Example for isotope mixing models

This vignette demonstrates how information criteria can be calculated for mixing models, specically models fit with MixSIAR.

In the article "Quantifying learning in biotracer studies" (Brown,et al. Oecologia 2018) we describe how comparing priors and posteriors with information criteria is important to determine the influence of the data on the model. Priors for mixing models are all informative, even so called 'uninformative' priors. The prior for source contributions bounded between 0-1, and source contributions must sum to 1, so it can never be truly flat in that range.

We will apply the simple marginal information criteria from that paper to the Killer Whale example, see vignette("killerwhale_ex") in MixSIAR.

The killer whale example is a nice simple one with no covariates or random effects.
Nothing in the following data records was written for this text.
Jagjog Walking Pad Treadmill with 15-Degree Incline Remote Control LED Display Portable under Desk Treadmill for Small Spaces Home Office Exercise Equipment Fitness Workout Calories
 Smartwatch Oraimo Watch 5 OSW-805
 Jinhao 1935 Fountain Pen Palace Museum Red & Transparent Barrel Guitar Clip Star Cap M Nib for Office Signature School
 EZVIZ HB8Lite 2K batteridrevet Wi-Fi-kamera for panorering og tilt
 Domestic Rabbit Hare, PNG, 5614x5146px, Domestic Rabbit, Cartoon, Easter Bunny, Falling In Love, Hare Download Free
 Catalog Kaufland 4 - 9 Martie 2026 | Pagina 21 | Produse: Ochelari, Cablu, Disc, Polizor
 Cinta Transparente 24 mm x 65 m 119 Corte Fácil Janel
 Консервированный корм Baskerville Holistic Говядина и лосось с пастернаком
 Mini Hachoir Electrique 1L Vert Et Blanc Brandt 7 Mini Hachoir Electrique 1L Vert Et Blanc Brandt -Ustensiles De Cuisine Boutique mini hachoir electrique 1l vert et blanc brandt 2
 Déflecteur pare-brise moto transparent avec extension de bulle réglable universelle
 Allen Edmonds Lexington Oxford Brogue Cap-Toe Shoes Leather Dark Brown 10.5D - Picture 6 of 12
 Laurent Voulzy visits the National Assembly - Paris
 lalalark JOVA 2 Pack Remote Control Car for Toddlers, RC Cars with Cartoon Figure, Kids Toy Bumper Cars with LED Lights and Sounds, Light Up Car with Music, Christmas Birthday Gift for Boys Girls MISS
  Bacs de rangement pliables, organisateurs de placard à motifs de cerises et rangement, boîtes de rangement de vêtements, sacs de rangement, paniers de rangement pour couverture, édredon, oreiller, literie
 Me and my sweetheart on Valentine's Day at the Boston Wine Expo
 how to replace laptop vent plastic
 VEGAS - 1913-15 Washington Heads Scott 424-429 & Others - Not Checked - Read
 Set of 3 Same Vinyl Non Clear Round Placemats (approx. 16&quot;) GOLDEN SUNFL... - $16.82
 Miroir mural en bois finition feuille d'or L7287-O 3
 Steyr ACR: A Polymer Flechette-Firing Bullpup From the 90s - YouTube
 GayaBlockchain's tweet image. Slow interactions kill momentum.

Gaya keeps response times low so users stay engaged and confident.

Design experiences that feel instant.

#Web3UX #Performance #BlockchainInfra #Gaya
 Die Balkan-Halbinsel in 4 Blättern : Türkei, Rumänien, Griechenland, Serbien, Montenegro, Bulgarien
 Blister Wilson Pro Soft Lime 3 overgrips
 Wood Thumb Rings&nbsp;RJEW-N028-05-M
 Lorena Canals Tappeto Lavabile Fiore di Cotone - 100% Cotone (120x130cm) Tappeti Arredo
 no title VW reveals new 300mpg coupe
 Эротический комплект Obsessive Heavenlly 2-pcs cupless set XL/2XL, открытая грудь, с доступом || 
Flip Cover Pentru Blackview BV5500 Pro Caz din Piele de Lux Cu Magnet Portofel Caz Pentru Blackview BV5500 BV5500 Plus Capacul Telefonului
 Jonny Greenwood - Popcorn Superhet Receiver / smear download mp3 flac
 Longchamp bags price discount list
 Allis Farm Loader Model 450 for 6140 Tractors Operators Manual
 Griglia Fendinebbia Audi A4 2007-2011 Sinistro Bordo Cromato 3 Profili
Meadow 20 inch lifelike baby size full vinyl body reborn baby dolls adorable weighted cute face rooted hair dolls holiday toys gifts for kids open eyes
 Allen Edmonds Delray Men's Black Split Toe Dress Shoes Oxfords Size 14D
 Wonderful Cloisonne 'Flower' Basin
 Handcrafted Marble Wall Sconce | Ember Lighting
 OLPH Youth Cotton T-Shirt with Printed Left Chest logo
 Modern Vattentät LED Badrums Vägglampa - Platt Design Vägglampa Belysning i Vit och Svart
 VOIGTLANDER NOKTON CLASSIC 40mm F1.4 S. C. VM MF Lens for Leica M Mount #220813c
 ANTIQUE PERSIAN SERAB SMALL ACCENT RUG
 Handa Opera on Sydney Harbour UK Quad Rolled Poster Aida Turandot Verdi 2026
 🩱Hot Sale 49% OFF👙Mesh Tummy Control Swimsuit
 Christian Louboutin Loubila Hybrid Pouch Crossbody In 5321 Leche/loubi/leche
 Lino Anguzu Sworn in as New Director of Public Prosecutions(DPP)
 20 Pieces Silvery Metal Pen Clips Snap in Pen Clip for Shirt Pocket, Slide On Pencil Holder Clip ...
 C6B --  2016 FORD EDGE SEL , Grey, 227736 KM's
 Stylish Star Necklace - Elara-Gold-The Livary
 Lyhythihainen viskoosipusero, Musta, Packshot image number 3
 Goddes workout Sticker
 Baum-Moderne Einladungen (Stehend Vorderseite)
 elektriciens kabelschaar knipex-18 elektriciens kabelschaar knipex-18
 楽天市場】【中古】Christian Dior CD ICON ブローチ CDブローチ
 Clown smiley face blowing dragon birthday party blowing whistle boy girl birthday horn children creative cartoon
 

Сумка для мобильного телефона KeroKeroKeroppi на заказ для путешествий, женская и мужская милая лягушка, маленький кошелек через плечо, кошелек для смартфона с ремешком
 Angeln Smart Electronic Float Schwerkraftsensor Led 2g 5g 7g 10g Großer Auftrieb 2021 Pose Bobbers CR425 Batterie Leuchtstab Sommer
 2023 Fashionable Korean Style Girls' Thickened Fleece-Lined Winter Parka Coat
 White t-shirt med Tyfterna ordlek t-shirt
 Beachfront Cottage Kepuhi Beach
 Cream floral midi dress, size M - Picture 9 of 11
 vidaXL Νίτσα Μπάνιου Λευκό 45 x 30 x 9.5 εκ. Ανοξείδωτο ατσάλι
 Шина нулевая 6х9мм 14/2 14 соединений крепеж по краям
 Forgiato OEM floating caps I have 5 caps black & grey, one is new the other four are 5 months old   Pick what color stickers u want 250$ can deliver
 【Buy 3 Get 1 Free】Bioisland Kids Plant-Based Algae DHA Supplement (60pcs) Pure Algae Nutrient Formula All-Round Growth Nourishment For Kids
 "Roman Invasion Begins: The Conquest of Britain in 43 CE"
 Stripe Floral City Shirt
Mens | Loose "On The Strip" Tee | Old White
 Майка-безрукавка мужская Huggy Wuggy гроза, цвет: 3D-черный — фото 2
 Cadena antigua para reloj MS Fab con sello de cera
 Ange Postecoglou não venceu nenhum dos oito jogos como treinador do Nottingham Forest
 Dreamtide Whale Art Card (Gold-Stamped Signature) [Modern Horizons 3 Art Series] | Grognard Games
If you have covariates or random effects, you'll need to be careful to compare priors to posteriors at the same locations on the fixed/random effects.

It will be helpful to have some understanding of MixSIAR's data structures, because we need to find the posterior samples in the model output.

Killer whale example

First load the packages we need:

library(BayeSens)
library(MixSIAR)

Now load the data (this is verbatim from the Killer whale example).

mix.filename <- system.file("extdata", "killerwhale_consumer.csv", package = "MixSIAR")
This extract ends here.